= PROVIDED DATA =
-------------------------

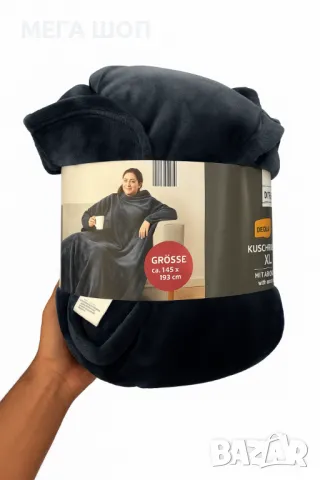 Плюшено одеяло с ръкави XXL – 145 х 195 см, снимка 8 - Олекотени завивки и одеяла - 50389435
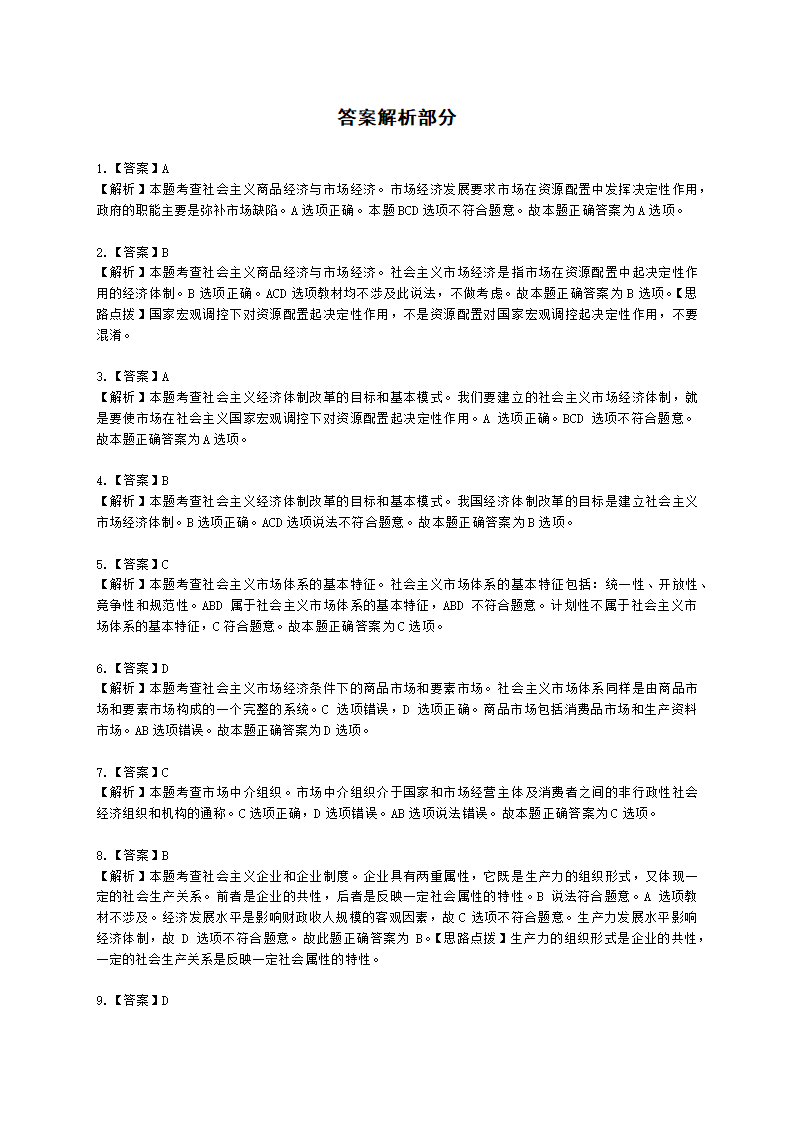 初级经济师初级经济基础第5章　社会主义市场经济体制及其运行基础含解析.docx第6页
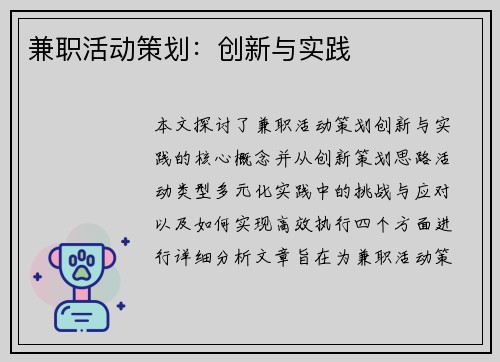 兼职活动策划：创新与实践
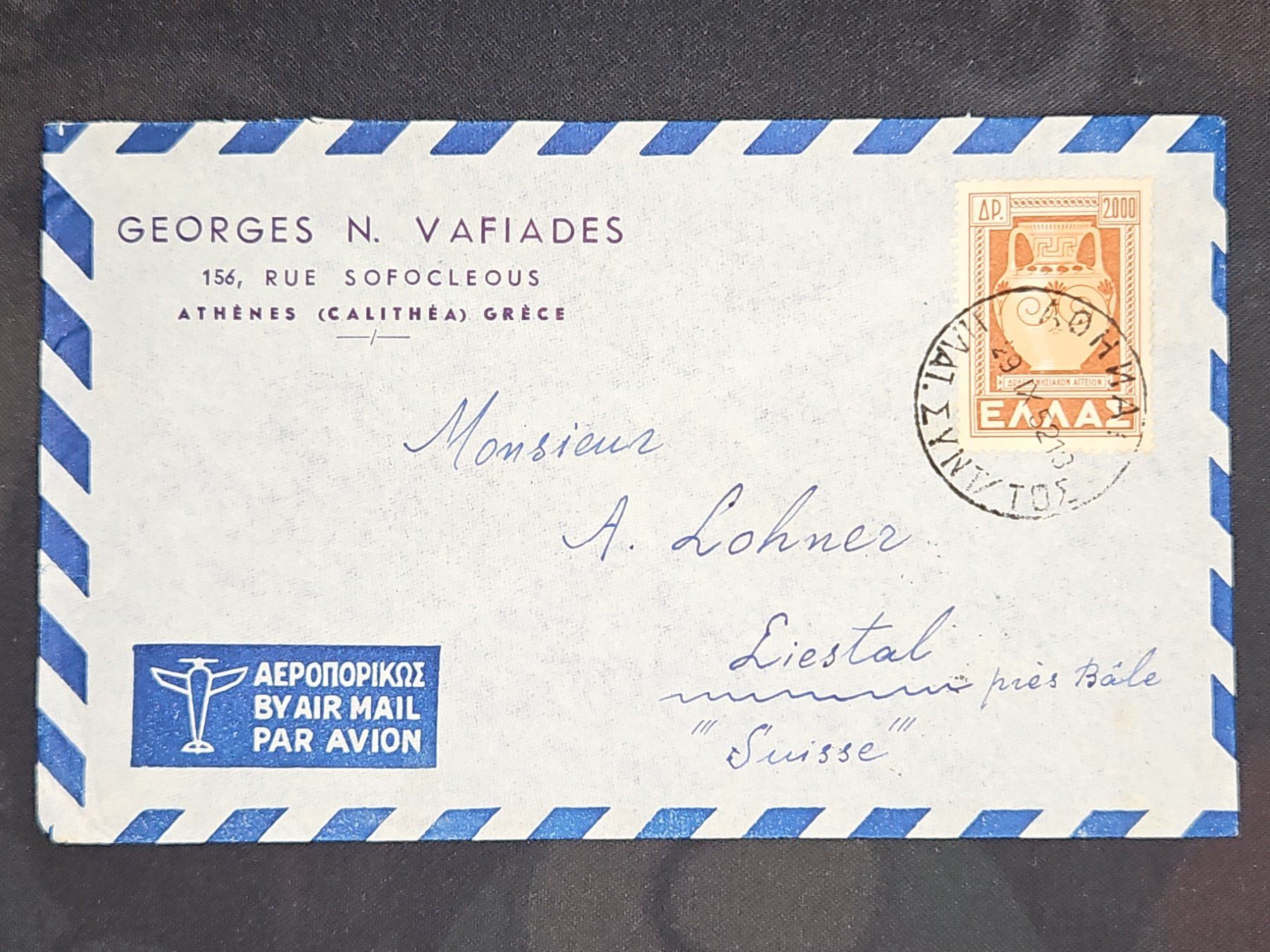 Tutti i francobolli: CL25 Enveloppe + Timbre Grèce 1952 – Usato da Cousset venduto da Patrick_Collections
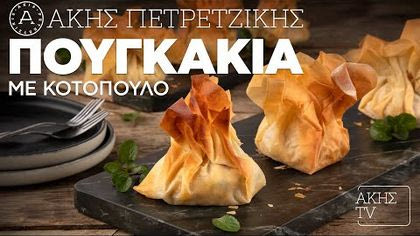 Πουγκάκια με κοτόπουλο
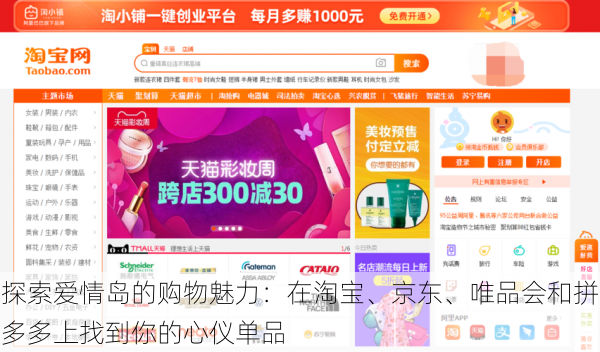 探索爱情岛的购物魅力:在淘宝、京东、唯品会和拼多多上找到你的心仪单品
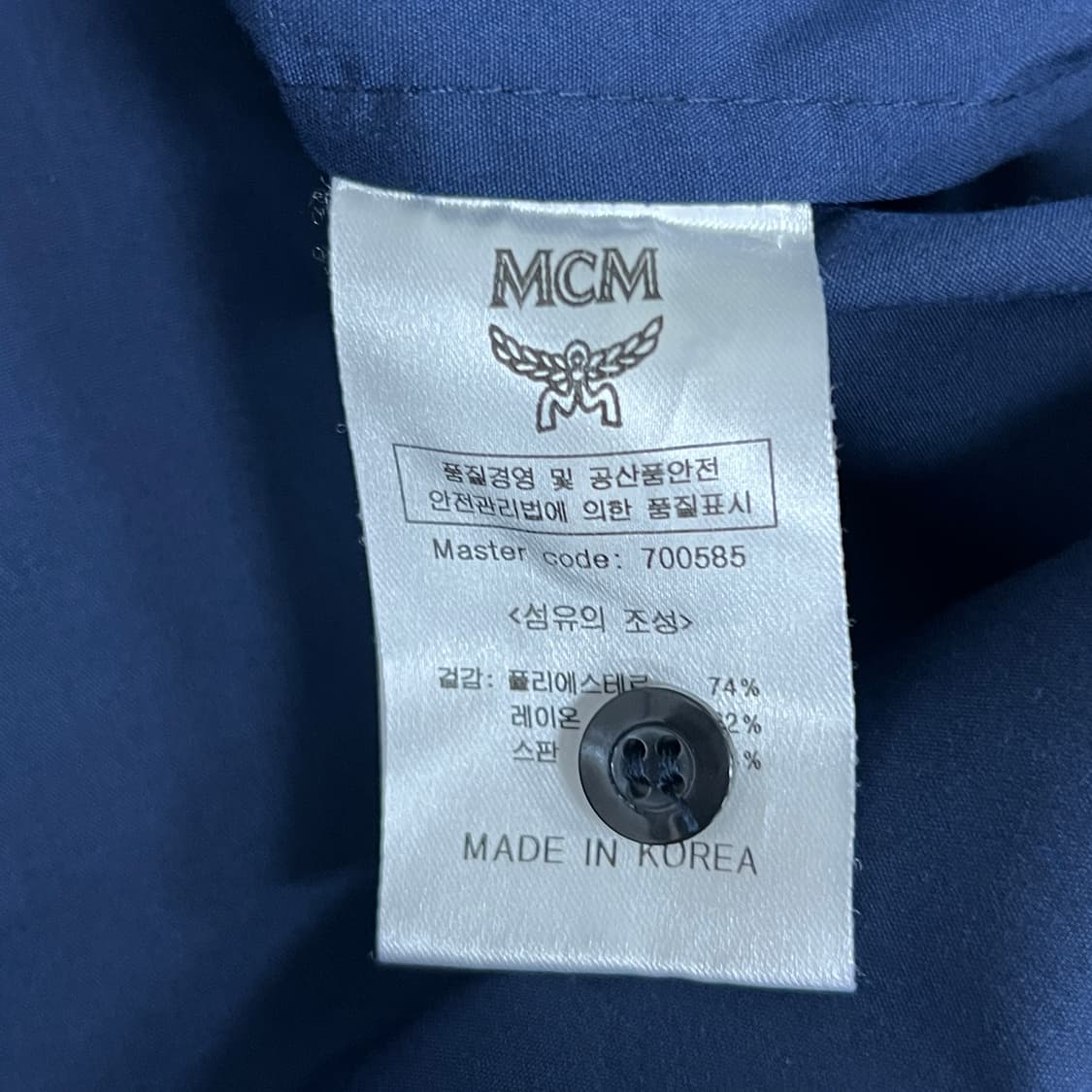 MCM 네이비 로고 반팔 셔츠 55 상품이미지7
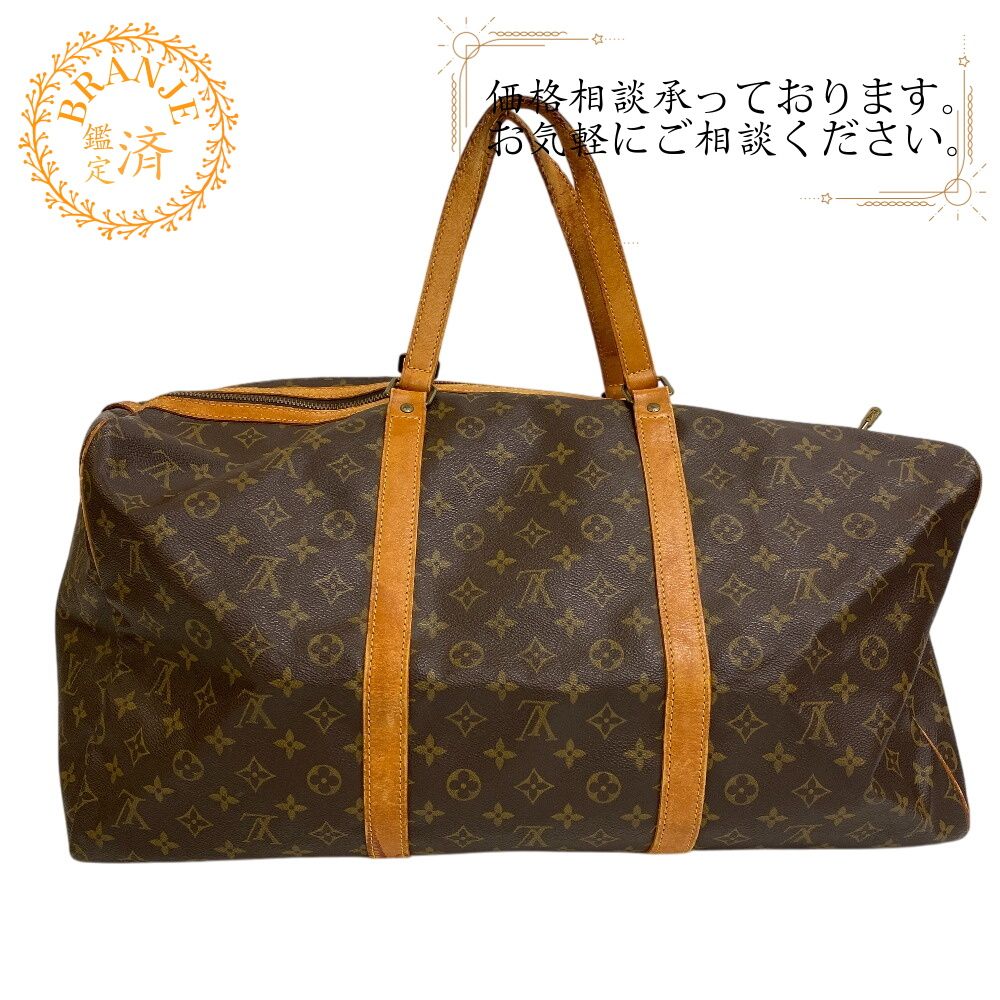 axes femme（スーツケース/キャリーバッグ）のフリマアイテム一覧 極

-------------------------

= WHAT YOU NEED TO DO =
Please print the line that contains "兼职活动策划：创新与实践" along with every later line of the material, exactly, through the last one. Leave pictures out of the copy.

= REPLY TO THE TASK =
 兼职活动策划：创新与实践
 Tutti i francobolli: CL25 Enveloppe + Timbre Grèce 1952 – Usato da Cousset venduto da Patrick_Collections
 Πουγκάκια με κοτόπουλο
 探索爱情岛的购物魅力:在淘宝、京东、唯品会和拼多多上找到你的心仪单品
 MCM 네이비 로고 반팔 셔츠 55 상품이미지7
 axes femme（スーツケース/キャリーバッグ）のフリマアイテム一覧 極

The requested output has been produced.